Your goal
Taking the line with "France blur background" as the first and the line with "Vandemon Brushed Titanium" as the last, set down exactly every line in that range from the entries below, and no more.

Data records
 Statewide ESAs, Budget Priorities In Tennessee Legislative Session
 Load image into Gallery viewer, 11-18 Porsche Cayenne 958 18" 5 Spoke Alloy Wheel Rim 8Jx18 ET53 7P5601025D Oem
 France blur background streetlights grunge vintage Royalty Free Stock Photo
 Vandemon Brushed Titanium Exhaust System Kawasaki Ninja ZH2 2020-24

* * *

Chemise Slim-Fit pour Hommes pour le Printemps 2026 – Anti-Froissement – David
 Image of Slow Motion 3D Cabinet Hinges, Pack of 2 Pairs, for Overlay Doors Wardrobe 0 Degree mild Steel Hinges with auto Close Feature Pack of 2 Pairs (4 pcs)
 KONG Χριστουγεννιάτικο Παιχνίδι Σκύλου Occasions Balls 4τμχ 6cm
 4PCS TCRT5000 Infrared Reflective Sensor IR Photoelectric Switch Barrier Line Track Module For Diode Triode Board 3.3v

Reply to the task
 France blur background streetlights grunge vintage Royalty Free Stock Photo
 Vandemon Brushed Titanium Exhaust System Kawasaki Ninja ZH2 2020-24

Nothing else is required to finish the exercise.